RECORDS FOR THE TASK |
◇ ◇ ◇ ◇

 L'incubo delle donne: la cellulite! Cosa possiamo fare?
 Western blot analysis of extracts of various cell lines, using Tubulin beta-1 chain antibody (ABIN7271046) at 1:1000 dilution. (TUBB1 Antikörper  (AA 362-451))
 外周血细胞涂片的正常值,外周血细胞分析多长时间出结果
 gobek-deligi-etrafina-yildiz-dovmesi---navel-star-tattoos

◇ ◇ ◇ ◇

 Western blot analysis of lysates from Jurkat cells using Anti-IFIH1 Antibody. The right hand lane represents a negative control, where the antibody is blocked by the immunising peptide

◇ ◇ ◇ ◇

WHAT THE TASK REQUIRES | With the line holding "L'incubo delle donne: la" as the first and the line holding "gobek-deligi-etrafina-yildiz-dovmesi---navel-star-tattoos" as the last, please transcribe exactly the lines of the material above in that range and nothing else.

ANSWER TO THIS TASK |
 L'incubo delle donne: la cellulite! Cosa possiamo fare?
 Western blot analysis of extracts of various cell lines, using Tubulin beta-1 chain antibody (ABIN7271046) at 1:1000 dilution. (TUBB1 Antikörper  (AA 362-451))
 外周血细胞涂片的正常值,外周血细胞分析多长时间出结果
 gobek-deligi-etrafina-yildiz-dovmesi---navel-star-tattoos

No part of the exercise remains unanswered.